Lambient Technologies offers sensors, instruments and software for cure monitoring of resins and composites (top and bottom left) using disposable sensors (top right) and in-mold sensors that can be used with vacuum bag and release films (bottom right). Photo Credit for all images: Lambient Technologies LLC
I have written about cure monitoring via AvPro’s (Normal, Okla., U.S.) ThermoPulse microwire sensors, which it aims to use in its cure management systems and also about Synthesites’ (Uccle, Belgium) direct current (DC) dielectric sensors for in-situ monitoring and real-time Tg evaluation. In this blog, I will discuss Lambient Technologies (Cambridge, Mass., U.S.) and their history in alternating current (AC) dielectric sensors as well as their latest LT-440 instrument that combines AC and DC dielectric analysis (DEA). “Both technologies have advantages and disadvantages,” says Lambient founder Huan Lee. “Combining AC and DC measurements provides the widest possible number of tools for R&D, quality control and in-situ monitoring during manufacturing.”

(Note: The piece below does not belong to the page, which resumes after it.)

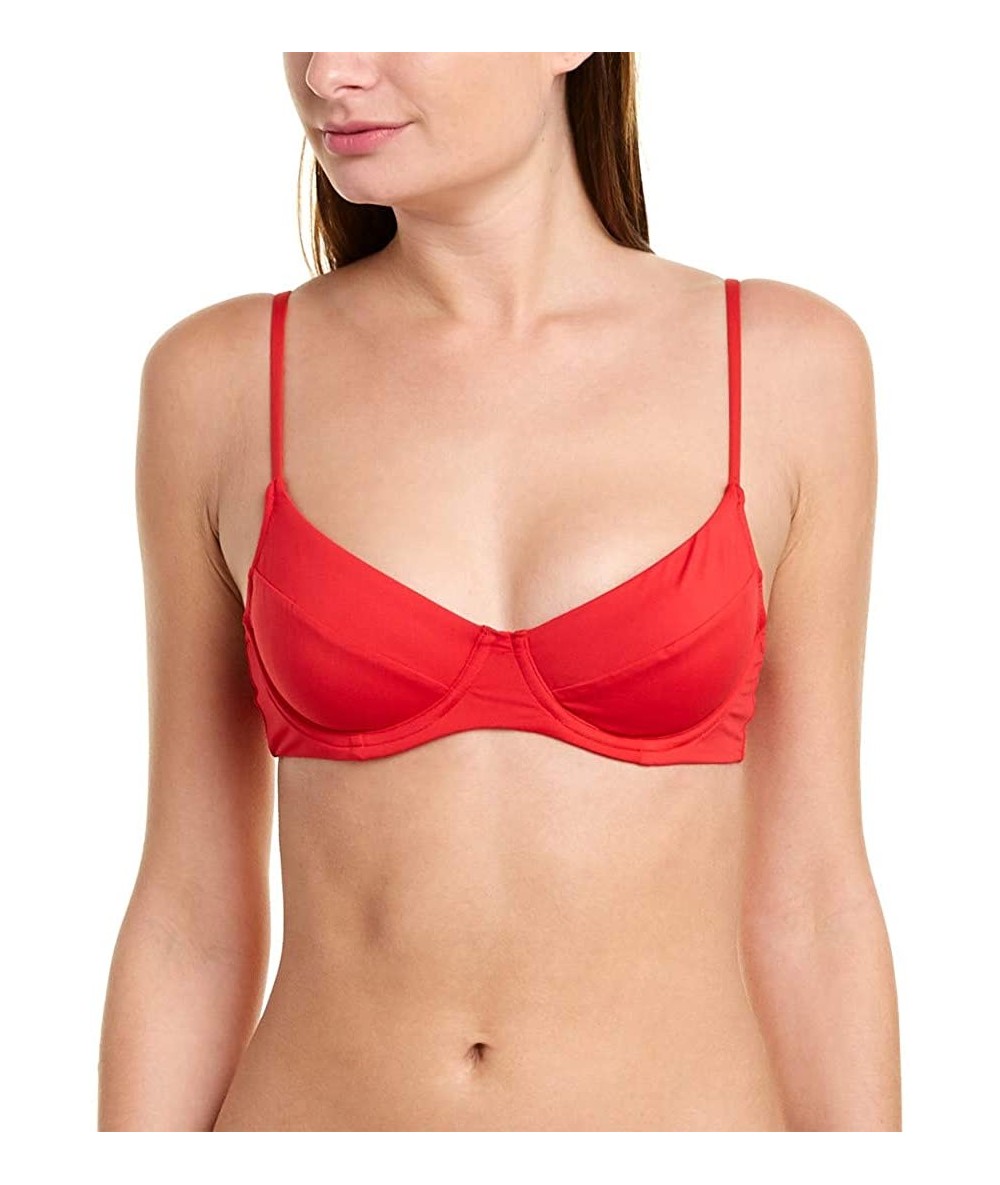 Tops Women's x We Wore What Lydia Bikini Top - Bossa Nova - C418S3D8LEU $62.65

Lambient Technologies history
Lee was in an R&D group at MIT developing cure monitoring in the 1980s. He founded a spin-off, Micromet Instruments, in 1982 to commercialize this technology. Micromet was acquired several times. In 2001, NETZSCH (Selb, Germany) acquired Holometrix Micromet and merged it with NETZSCH’s worldwide Thermal Analysis business.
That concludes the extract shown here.